Widmann and Late Romanticism
Programme
- Jörg Widmann Trauermarsch (Dutch premiere)
- Gustav Mahler First symphony 'Titan'
Trauermarsch - Jörg Widmann's title alone recalls Gustav Mahler. But with him, things are not always what they seem.
Hannes Minnaar plays Widmann's moving funeral march
In 2014, Jörg Widmann wrote Trauermarsch for piano and orchestra. It originated as an industrial accident. What should have become a four-movement piano concerto for Yefim Bronfman and the Berliner Philharmoniker became a one-movement piece based on the introduction, which also for Widmann unexpectedly evolved into a colossal funeral march based on the descending second which, as a mourning motif, sometimes explicitly and sometimes hiddenly dominates the entire piece. When you think of a funeral march, you think of Beethoven and Mahler - but perhaps not the almost defenseless intimacy and sometimes touching tenderness of the solo part in this piece.

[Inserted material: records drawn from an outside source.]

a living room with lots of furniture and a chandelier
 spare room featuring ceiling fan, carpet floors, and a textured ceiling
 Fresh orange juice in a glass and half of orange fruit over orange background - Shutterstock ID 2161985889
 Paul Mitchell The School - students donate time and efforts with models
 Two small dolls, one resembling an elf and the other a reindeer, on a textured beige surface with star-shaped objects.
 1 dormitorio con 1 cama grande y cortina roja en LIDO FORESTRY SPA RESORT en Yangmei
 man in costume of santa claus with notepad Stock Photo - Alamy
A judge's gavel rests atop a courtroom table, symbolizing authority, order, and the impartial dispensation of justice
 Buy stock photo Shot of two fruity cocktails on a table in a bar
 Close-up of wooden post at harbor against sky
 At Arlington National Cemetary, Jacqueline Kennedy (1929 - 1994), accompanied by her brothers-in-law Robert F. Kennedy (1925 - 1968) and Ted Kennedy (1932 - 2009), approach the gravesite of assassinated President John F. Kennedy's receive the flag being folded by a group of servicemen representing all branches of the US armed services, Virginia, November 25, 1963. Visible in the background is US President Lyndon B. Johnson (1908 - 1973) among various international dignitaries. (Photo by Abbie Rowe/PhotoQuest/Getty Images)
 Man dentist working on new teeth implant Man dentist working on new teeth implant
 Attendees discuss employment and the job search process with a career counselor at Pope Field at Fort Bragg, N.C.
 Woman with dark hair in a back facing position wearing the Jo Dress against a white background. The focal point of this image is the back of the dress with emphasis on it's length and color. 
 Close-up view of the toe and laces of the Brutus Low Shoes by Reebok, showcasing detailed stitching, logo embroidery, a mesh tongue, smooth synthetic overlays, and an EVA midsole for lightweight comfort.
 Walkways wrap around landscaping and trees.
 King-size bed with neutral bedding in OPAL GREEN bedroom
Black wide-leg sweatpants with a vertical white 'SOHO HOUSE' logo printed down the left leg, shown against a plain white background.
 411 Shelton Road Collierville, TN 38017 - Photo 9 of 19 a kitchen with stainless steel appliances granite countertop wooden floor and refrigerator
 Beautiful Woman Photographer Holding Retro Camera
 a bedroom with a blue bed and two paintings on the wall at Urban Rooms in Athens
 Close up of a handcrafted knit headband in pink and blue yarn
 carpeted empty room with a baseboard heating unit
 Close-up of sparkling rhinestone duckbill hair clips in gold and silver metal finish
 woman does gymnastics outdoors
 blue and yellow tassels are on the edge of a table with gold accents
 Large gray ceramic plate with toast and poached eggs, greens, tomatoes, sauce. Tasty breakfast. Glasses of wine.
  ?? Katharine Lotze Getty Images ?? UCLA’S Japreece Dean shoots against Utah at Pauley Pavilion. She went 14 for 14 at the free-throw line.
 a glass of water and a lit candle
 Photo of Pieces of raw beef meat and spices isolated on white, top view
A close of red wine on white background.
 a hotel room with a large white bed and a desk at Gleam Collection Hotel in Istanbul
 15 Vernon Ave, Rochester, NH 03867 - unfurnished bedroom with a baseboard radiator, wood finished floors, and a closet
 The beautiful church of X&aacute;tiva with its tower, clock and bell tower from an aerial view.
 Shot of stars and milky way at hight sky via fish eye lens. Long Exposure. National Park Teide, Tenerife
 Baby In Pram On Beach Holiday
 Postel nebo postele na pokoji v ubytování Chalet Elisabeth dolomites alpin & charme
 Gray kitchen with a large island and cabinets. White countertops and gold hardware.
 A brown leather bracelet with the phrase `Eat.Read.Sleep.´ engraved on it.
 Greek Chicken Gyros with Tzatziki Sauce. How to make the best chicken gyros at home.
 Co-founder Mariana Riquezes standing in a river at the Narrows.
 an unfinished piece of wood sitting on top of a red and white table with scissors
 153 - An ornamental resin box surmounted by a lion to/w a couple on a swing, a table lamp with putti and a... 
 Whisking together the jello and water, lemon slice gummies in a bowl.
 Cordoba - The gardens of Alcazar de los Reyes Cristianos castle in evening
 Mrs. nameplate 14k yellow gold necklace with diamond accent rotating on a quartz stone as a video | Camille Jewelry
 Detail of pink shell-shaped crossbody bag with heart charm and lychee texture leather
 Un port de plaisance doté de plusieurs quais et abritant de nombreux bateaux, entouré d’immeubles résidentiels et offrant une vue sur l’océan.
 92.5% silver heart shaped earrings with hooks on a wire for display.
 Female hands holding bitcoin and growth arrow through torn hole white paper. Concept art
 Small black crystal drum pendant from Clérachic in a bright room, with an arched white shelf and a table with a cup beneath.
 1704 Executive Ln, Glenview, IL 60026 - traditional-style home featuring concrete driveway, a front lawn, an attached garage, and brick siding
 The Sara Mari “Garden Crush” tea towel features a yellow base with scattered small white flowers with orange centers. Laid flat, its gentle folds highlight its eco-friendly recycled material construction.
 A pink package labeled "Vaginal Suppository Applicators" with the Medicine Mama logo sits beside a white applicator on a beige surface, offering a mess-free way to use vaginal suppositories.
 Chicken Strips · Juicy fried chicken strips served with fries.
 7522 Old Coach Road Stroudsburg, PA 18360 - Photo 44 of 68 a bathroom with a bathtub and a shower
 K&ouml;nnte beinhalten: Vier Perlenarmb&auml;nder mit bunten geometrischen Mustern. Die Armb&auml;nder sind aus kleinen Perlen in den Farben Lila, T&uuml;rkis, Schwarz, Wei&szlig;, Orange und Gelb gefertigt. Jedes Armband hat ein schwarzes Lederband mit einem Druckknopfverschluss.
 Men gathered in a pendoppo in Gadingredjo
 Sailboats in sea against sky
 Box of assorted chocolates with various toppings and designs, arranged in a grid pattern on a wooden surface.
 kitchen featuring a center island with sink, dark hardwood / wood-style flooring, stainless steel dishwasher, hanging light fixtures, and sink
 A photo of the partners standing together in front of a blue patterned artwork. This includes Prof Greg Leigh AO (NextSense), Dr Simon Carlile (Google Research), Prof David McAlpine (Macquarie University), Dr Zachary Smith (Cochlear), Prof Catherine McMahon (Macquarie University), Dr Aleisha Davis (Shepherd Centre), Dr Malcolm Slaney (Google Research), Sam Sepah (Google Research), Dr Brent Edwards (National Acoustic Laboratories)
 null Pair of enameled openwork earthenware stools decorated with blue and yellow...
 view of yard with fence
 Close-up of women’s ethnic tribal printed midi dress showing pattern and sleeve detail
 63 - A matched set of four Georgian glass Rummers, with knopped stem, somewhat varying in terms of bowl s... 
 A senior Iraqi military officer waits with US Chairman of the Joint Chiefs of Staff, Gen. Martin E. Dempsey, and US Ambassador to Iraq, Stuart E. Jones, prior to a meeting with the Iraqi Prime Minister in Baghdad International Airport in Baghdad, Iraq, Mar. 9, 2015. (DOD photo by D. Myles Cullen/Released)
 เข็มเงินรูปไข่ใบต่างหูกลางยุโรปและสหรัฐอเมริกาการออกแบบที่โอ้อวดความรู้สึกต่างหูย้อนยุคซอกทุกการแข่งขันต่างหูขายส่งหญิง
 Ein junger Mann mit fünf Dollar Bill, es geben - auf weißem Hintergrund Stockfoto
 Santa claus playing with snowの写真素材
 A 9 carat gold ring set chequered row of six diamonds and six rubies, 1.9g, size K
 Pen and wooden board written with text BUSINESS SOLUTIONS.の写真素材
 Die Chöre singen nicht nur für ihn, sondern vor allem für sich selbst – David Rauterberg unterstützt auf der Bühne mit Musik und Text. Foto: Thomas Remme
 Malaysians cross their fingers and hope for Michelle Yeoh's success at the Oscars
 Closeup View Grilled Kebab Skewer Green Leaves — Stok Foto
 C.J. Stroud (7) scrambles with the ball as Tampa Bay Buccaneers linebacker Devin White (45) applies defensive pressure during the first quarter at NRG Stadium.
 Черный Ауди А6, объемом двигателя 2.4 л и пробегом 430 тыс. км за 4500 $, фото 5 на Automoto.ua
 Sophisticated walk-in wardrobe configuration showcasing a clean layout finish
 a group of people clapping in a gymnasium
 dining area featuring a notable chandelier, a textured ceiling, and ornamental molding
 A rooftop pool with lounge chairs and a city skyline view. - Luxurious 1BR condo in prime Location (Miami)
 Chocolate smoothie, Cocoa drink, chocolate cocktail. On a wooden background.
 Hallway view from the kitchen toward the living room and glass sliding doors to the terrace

Ambiguity in Widmann and Mahler
Here again, it turns out that with Widmann you should never take titles at their word. Above the piano part, in bar one, just a few bars before the orchestra launches "solemn and severe", is written: "Laconic, somewhat hesitant. Thus Widmann immediately creates the ambiguity that characterizes Trauermarsch; a dialectical play of light and dark, vital and broken. Just as ironic as the funeral march in Mahler's First Symphony, which, with its Father James canon and its intimate, lyrical-melancholic atmosphere, fits Widmann's masterpiece perfectly.